Natural disasters. Swings in financial markets. New cybersecurity threats. The world moves quickly but technological change in the Federal sector often does not.
Federal agencies need development methods that allow them to pivot quickly, explore new ideas with less investment, and find the right solutions faster. Rapid prototyping is one strategy for addressing this need but should agencies view this as a means to speed up procurement through small, multi-vendor procurements when a need arises? Or should rapid prototyping be viewed as a tool they expect development teams to have in their toolbox? The two are not mutually exclusive, and TCG’s clients have seen great results through rapid prototyping as a capability on our development teams.
What is Rapid Prototyping?
Rapid prototyping is an iterative approach that quickly develops a usable solution that can be evaluated for effectiveness and feasibility prior to making an investment in a full development effort. Because the level of effort and investment is lower, there is less pressure to create the “right” thing the first time, leading to more creativity and innovation. Projects with the right staff and approach can utilize rapid prototyping, or agencies can set up contract vehicles to target rapid prototyping.
Rapid Prototyping as a Procurement Strategy
Given traditionally long timelines for federal procurements, ‘rapid prototyping’ and ‘government IT’ might seem incongruous. Yet several initiatives to promote rapid prototyping in the federal space have yielded promising results. For example, the Federal Deposit Insurance Corporation (FDIC) established a rapid prototyping competition in 2020. According to the agency, “This innovative model allows the FDIC and awardees to rapidly and collaboratively co-create solutions, moving from initial concept paper to final prototype in less than five months.” In 2018, the Air Force’s Kessel Run project sought to shorten acquisition schedules through rapid prototyping and Agile development.
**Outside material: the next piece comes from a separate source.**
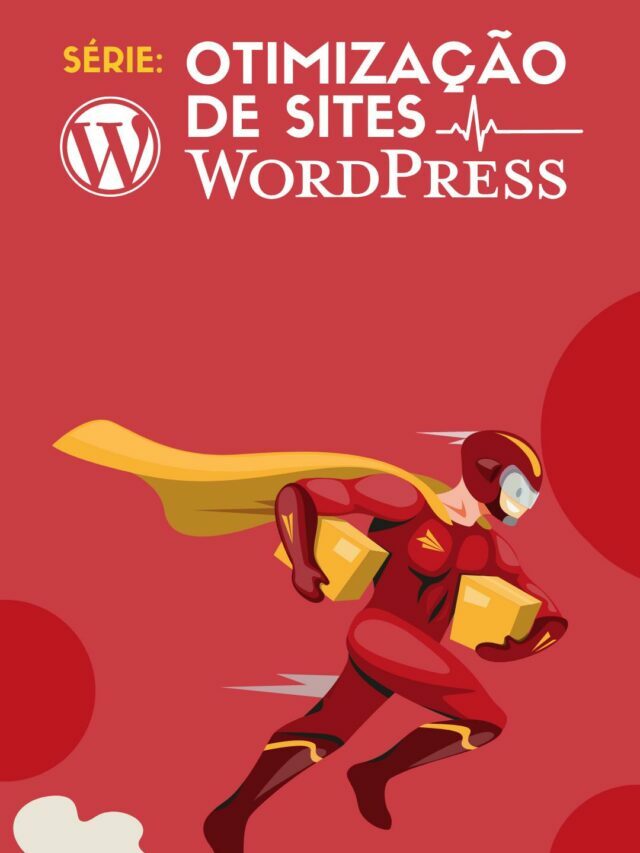 Otimização de Sites Wordpress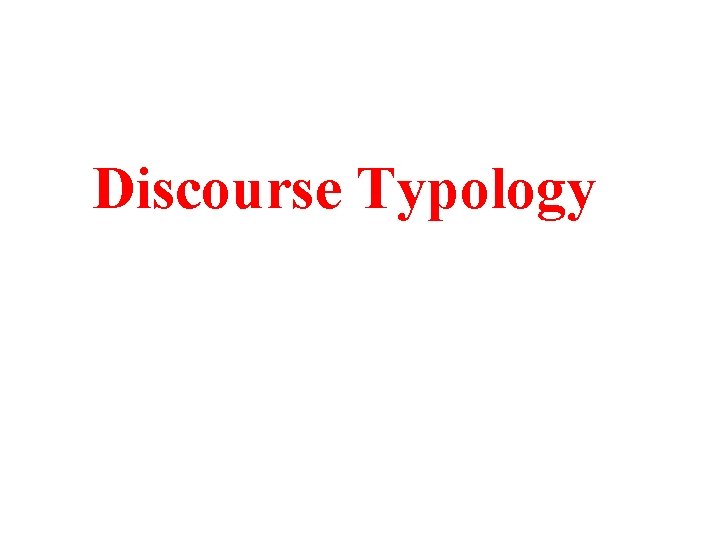 Discourse Typology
Some tech leaders in industry have proposed running small, multi-vendor procurements in which vendors work concurrently on prototypes within shortened timeframes. Meagan Metzger, CEO of tech accelerator Dcode, highlighted possible advantages of this model: “Instead of selecting one vendor and putting all of their money in that basket, we’ll divide it up into three vendors with smaller delivery schedules and see which one actually fits the requirements. And then you can keep building on top of that. Spending $150,000 to figure out quickly that it’s the wrong solution is better than putting $10 million into something that doesn’t work.”
While there may be some advantages to pursuing rapid prototyping through small procurements, it does have pitfalls, including a lack of subject matter knowledge that may lead to several small failed procurements instead of one big one, and a resulting loss of time and money.
Another Path to Success
The problem with the approach Metzger describes is that it doesn’t allow for the development of a sustainable rapid prototyping culture that can be engaged at a moment’s notice. Agencies can’t just decide to start rapid prototyping and have their first iteration in flight the next day. Agencies benefit when rapid prototyping is conducted by contractors who are well-integrated within an agency and know their environment.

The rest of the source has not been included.